Boris Johnson is “doing an awful lot to try to encourage cycling“. He’s doing Skyrides. Did he mention that he’s doing Skyrides? He is, you know. He’s doing Skyrides.

Actually, I usually only find out that he’s doing Skyrides on the day they happen — in the evening, after they’ve happened. Usually when Boris is telling us what jolly good fun everyone has had, and how everybody is now going to cycle everywhere. Or when Freewheeler is making fun of them. The point I’m getting at is that, while the Skyrides may be well advertised, they are not any better advertised than most big events in London. The high turnout at Skyrides can not be explained by fantastic advertising alone: the advertising merely alerts people to the existence of an event for which there is already vast but stifled demand. A day of conspicuously safe, quiet, unintimidating and unpolluted car-free streets almost advertises itself.

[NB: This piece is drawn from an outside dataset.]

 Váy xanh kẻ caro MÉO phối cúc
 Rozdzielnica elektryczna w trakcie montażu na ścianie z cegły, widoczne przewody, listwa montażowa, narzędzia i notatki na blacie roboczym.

On a Skyride, people who would like to be able to cycle without having to interact with double-decker buses and men with ven get to do so. When they go home afterwards and the road-blocks are rolled back, do they feel in any way different about cycling among the chaotic metal missiles? Previous reviews of the evidence suggested that most merely remain unconvinced, no more or less likely to make journeys by bicycle. But one new piece of anecdotal evidence mentioned in an aside at the Embassy meeting (sorry, I noted the idea but now don’t remember who said it) suggests that some would-be everyday bicycle users do think differently after a Skyride than they did before.

Before the Skyride, people would like the opportunity to cycle — they want an easier, quicker, more fun way to make mundane everyday journeys; they’re worried about the amount of the family budget being gobbled by the car or the season tickets; and they want the family to be able to get some relaxing gentle exercise in the fresh air together. Their ears have pricked up at all the talk of The Mayor’s Cycling Revolution™, and they’re thinking of signing up, but aren’t completely decided yet. They hear about a Skyride and want to give it a go — it’s the excuse they’ve been looking for to dust off the bikes and remember how it’s done. And they go out and play in this car-free utopia, and see just how great things could be. And at the same time, they’re shown exactly how that compares to the real world — while being bombarded with helpful messages about how to survive vehicular cycling.

Skyrides don’t merely fail to encourage everyday cycling. By temporarily taking away the cause of the problems with our streets, they highlight just how bad the problems are. The would-be cyclist, on the edge of joining The Mayor’s Cycling Revolution™, can never go back to cycling with the traffic — not after they have seen and experienced Utopia. Just as your fancy gadget ceases to be fun the moment you see the amazing specs on the latest model, riding a bike ceases to be easy and fun when you’ve seen how much better it can be. The air ceases to be fresh and the exercise ceases to be gentle and relaxing. (Some people go as far as emigrating as they seek again that found but lost utopia.)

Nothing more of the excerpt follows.